### [Your task]
Copy each record below faithfully, leaving out images.

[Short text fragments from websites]
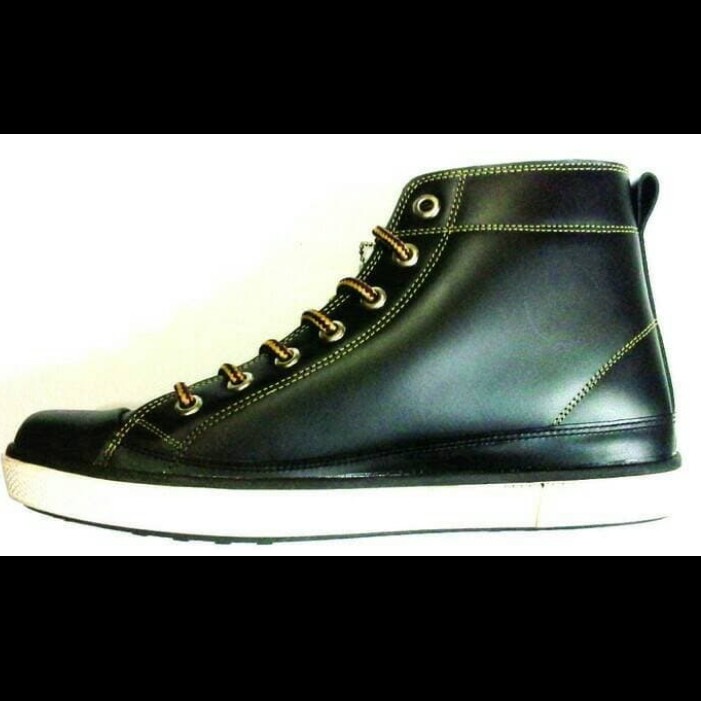 Sepatu Kulit Sapi Asli Gladiator Black 4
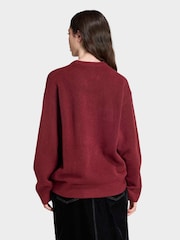 adidas Originals Red Knitted Jumper - Image 2 of 6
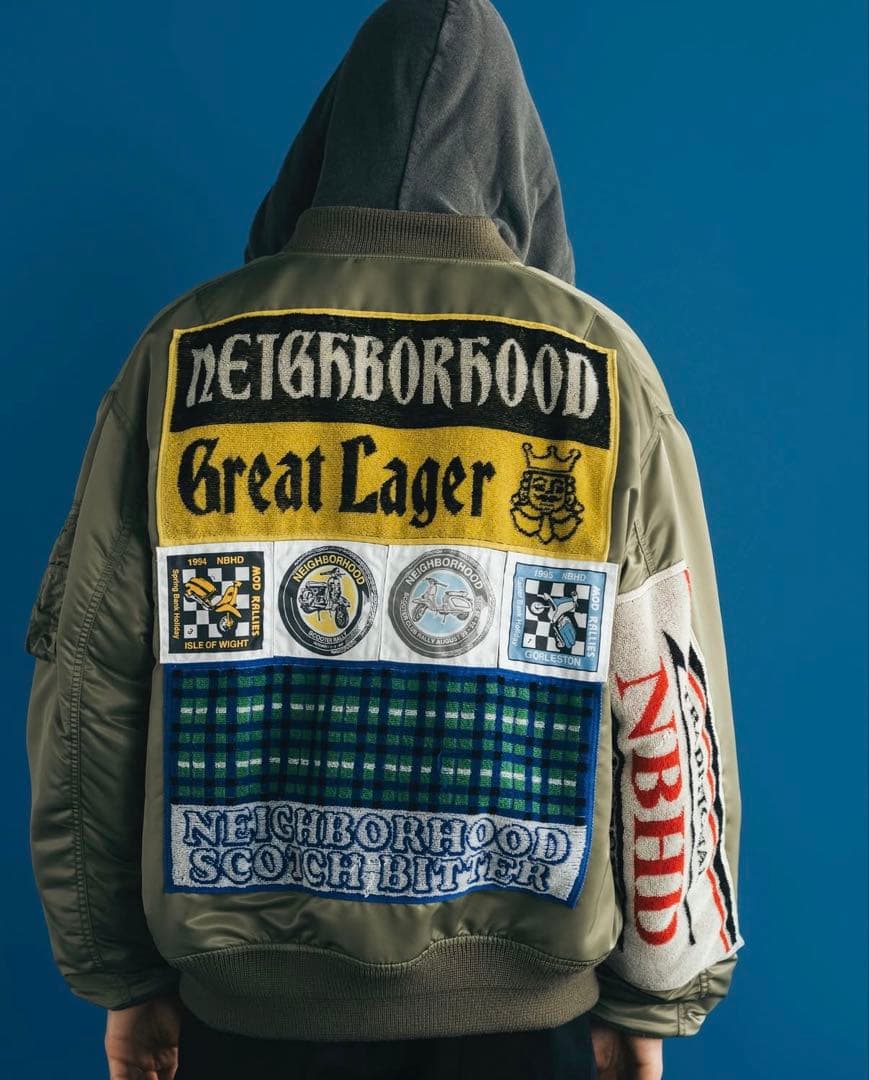新品 NEIGHBORHOOD MA-1 FLIGHT JACKET MOD L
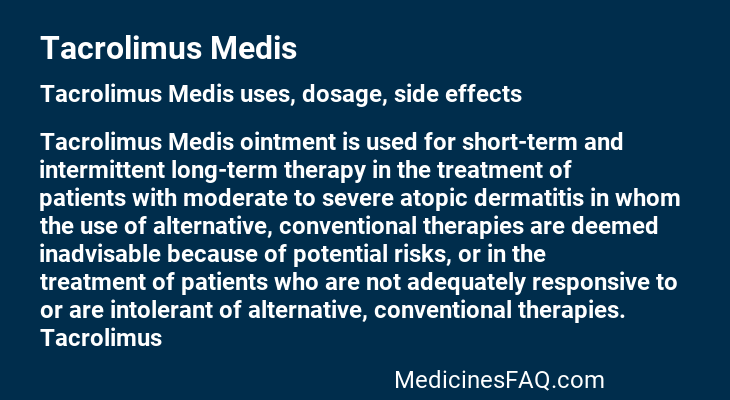 Tacrolimus Medis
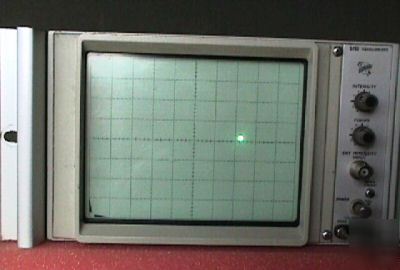 Tektronix 5110 oscilloscope mainframe w/ 5A18N & 5B10N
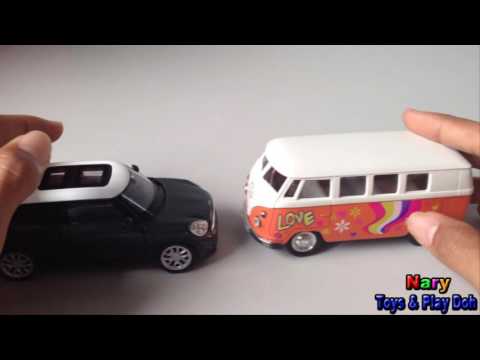Welly Nex Toy Car Porsche 918 Spyder and Volkswagen T1 Double Cabin Pick Up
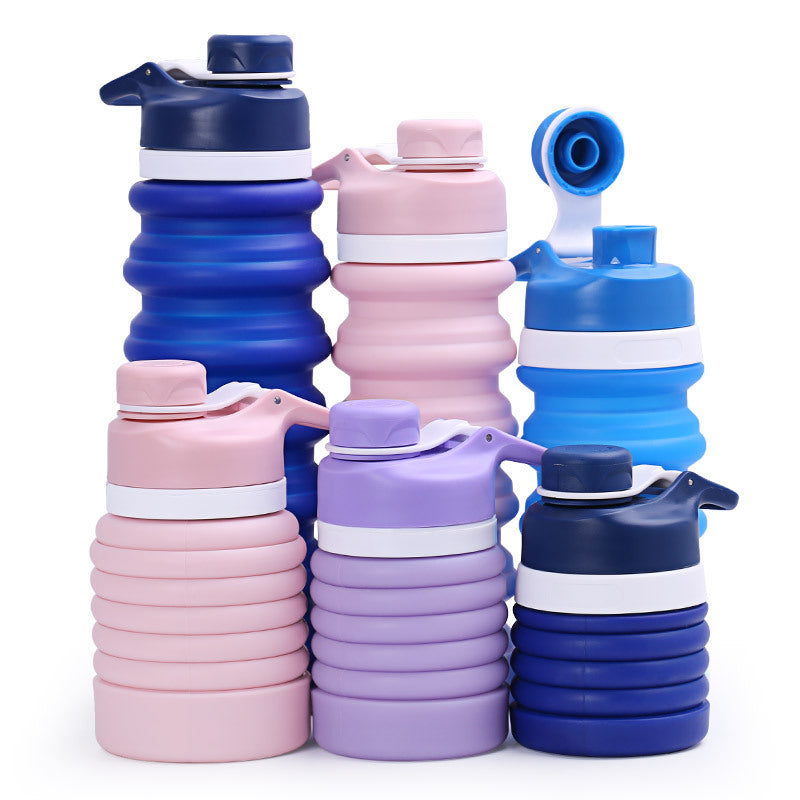 Foldable Silicone Water Bottle image 24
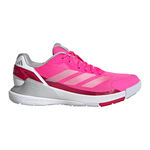 adidas Padel schoenen adidas Crazyquick LS Padel Schoen Dames-Pink,Zilver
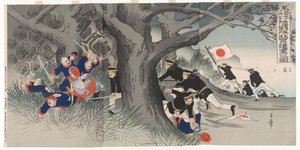 Pochod do Pekingu: Scéna z boxerského povstání od Nakazawa Toshiaki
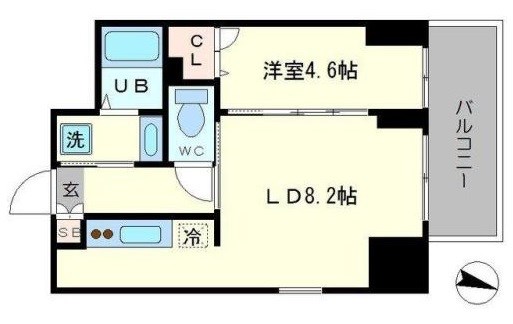 エスリード靭公園 間取り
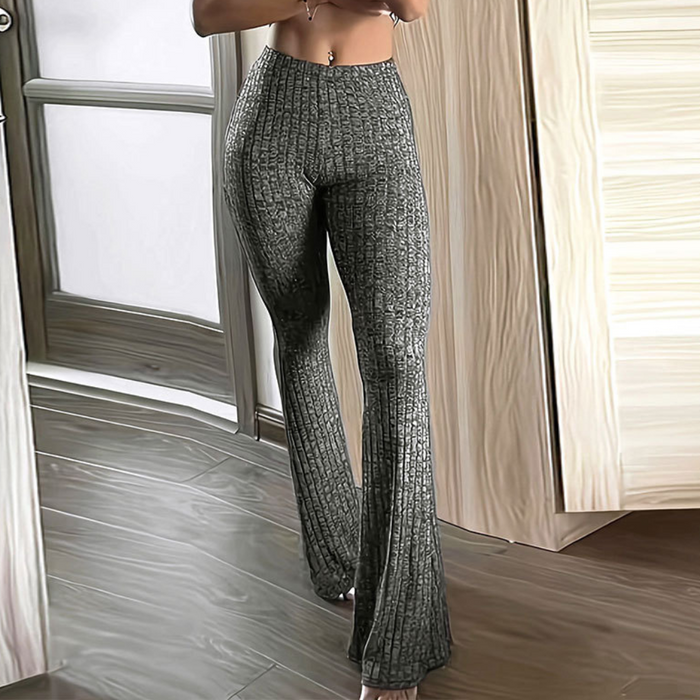Leggings gris tendance à taille haute pour femmes pour un look élégant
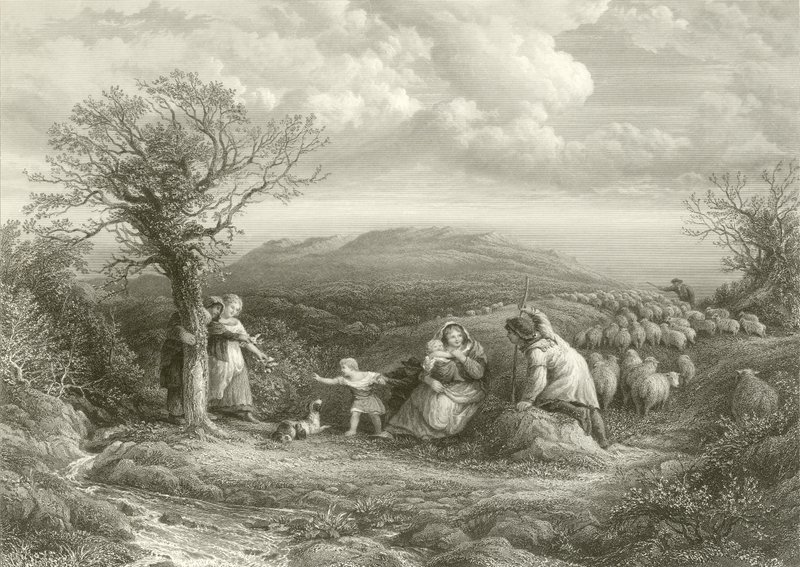 The Mountain Shepherds by English School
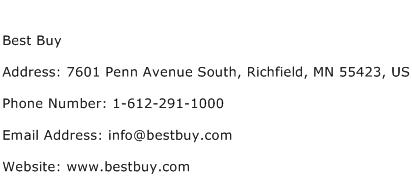 Best Buy Address Contact Number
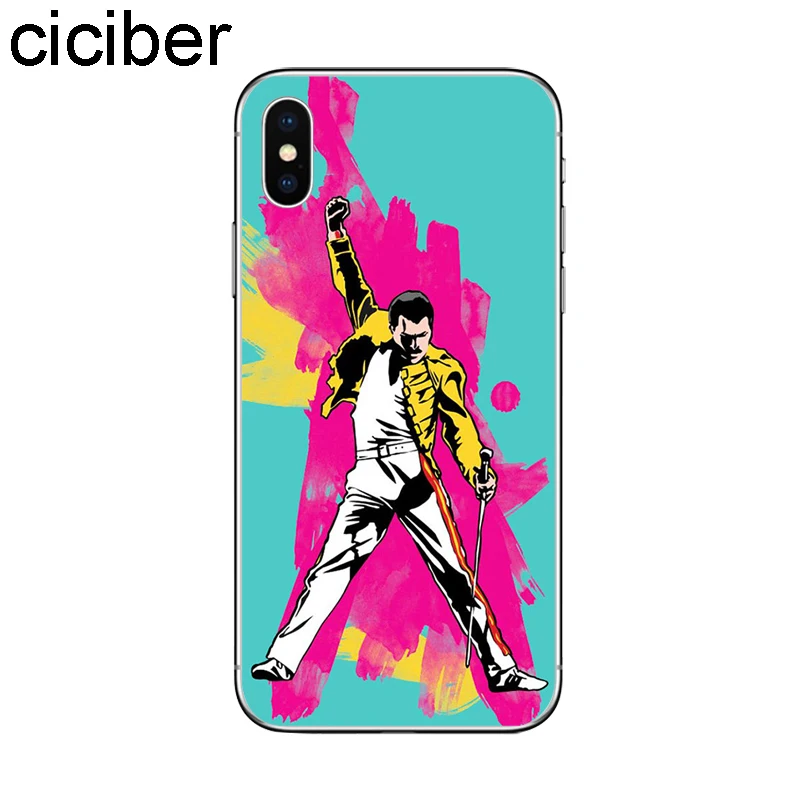 Ciciber Freddie Mercury Чехол для iPhone 7 8 6S Plus X XR XS Max 5 чехол телефона Мягкий Силиконовый ТПУ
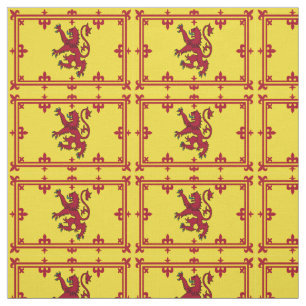 Royal Arm Skottland Flagga Mönster Tyg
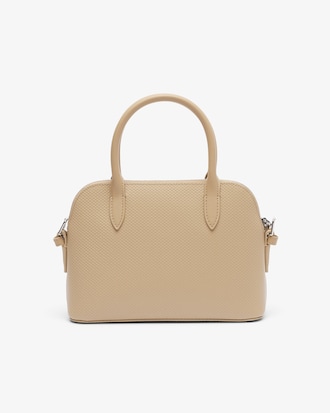 Small Piqu&eacute; Leather Chantaco Bugatti Bag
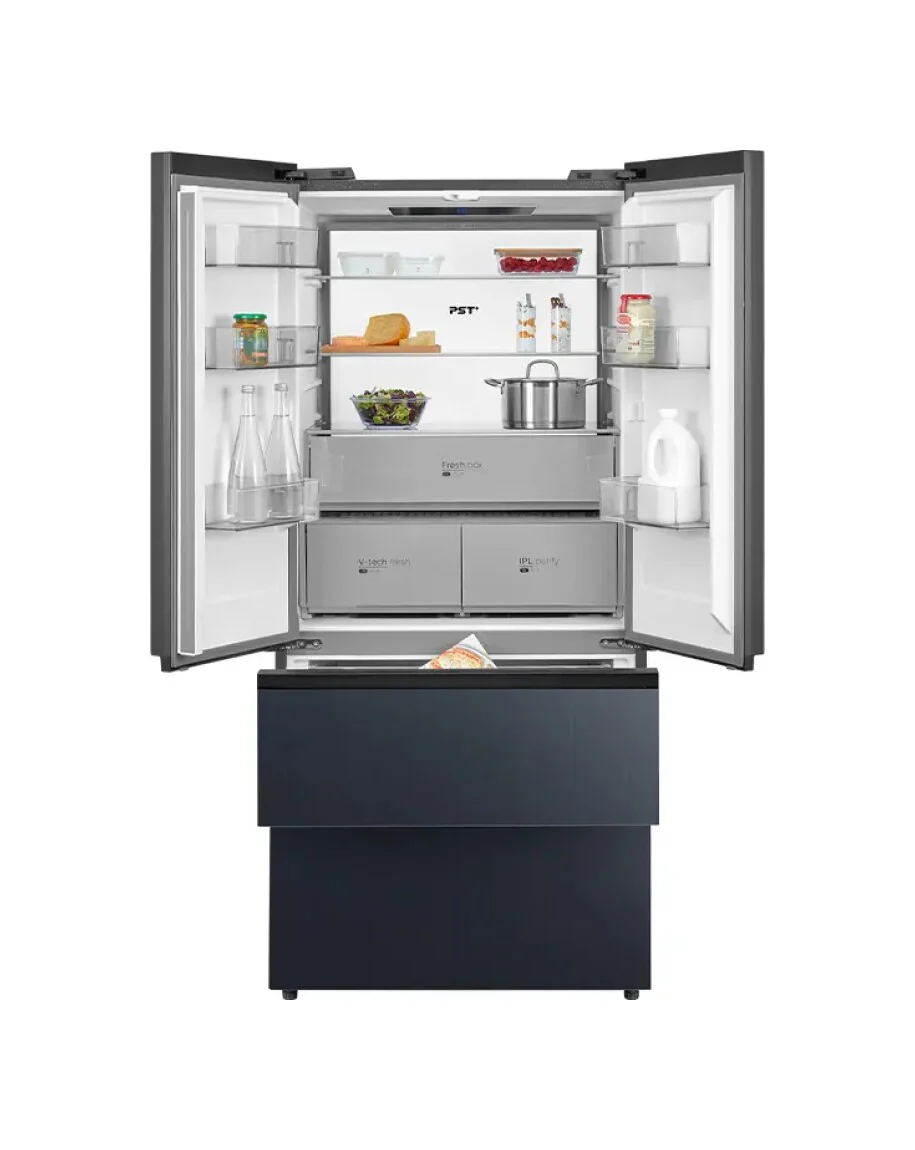 Midea MDRF705BIE70 - Black American Fridge Freezer - 515L French Door - E Energy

### [Result below]
 Sepatu Kulit Sapi Asli Gladiator Black 4
 adidas Originals Red Knitted Jumper - Image 2 of 6
新品 NEIGHBORHOOD MA-1 FLIGHT JACKET MOD L
 Tacrolimus Medis
 Tektronix 5110 oscilloscope mainframe w/ 5A18N & 5B10N
Welly Nex Toy Car Porsche 918 Spyder and Volkswagen T1 Double Cabin Pick Up
 Foldable Silicone Water Bottle image 24
 adidas Padel schoenen adidas Crazyquick LS Padel Schoen Dames-Pink,Zilver
 Pochod do Pekingu: Scéna z boxerského povstání od Nakazawa Toshiaki
 エスリード靭公園 間取り
Leggings gris tendance à taille haute pour femmes pour un look élégant
 The Mountain Shepherds by English School
 Best Buy Address Contact Number
 Ciciber Freddie Mercury Чехол для iPhone 7 8 6S Plus X XR XS Max 5 чехол телефона Мягкий Силиконовый ТПУ
 Royal Arm Skottland Flagga Mönster Tyg
 Small Piqu&eacute; Leather Chantaco Bugatti Bag
 Midea MDRF705BIE70 - Black American Fridge Freezer - 515L French Door - E Energy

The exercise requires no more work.